> [YOUR INSTRUCTIONS]: With the pictures set aside, write out all of the data exactly as it stands.

> [MATERIAL PROVIDED]:
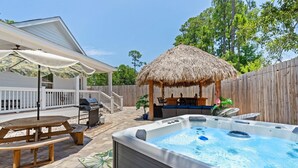 A backyard with a hot tub, a wooden deck, a barbecue grill, and a thatched-roof gazebo. - Hot tub, The Tiki Hideaway, Close to Bay & Beach, Backyard Tiki Bar, Paddleboards (Santa Rosa Beach)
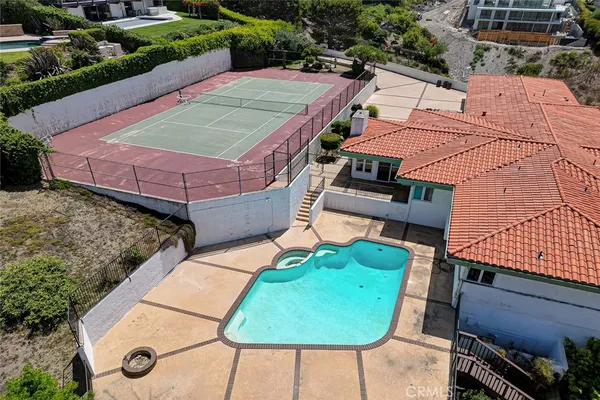 an aerial view of a house with garden space and street view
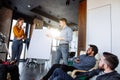 Multi-ethnic people planning business strategy with scheme on flip chart Royalty Free Stock Photo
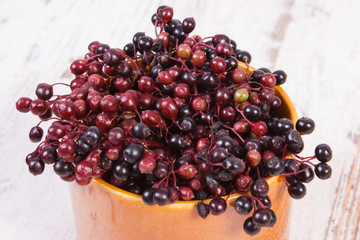 Bunch of fresh elderberry on old wooden background, healthy food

> [EXERCISE ANSWER]:
 A backyard with a hot tub, a wooden deck, a barbecue grill, and a thatched-roof gazebo. - Hot tub, The Tiki Hideaway, Close to Bay & Beach, Backyard Tiki Bar, Paddleboards (Santa Rosa Beach)
 an aerial view of a house with garden space and street view
 Multi-ethnic people planning business strategy with scheme on flip chart Royalty Free Stock Photo
 Bunch of fresh elderberry on old wooden background, healthy food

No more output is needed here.